DATA PROVIDED:
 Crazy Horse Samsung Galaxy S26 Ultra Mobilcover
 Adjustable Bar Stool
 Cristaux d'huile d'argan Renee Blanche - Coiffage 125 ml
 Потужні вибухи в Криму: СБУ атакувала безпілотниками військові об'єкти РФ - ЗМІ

ABOUT THIS EXERCISE:
Set down the whole of the material, exactly.

RESPONSE TO THIS EXERCISE:
 Crazy Horse Samsung Galaxy S26 Ultra Mobilcover
 Adjustable Bar Stool
 Cristaux d'huile d'argan Renee Blanche - Coiffage 125 ml
 Потужні вибухи в Криму: СБУ атакувала безпілотниками військові об'єкти РФ - ЗМІ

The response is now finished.